● About this exercise
All of the data needs to be printed again, exactly as written.
•••
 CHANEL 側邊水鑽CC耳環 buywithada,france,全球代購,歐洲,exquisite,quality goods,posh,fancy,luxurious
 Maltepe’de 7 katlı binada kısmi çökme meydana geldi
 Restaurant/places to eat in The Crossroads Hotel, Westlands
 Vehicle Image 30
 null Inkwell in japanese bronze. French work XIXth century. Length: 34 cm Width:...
•••
● Answer for the task
 CHANEL 側邊水鑽CC耳環 buywithada,france,全球代購,歐洲,exquisite,quality goods,posh,fancy,luxurious
 Maltepe’de 7 katlı binada kısmi çökme meydana geldi
 Restaurant/places to eat in The Crossroads Hotel, Westlands
 Vehicle Image 30
 null Inkwell in japanese bronze. French work XIXth century. Length: 34 cm Width:...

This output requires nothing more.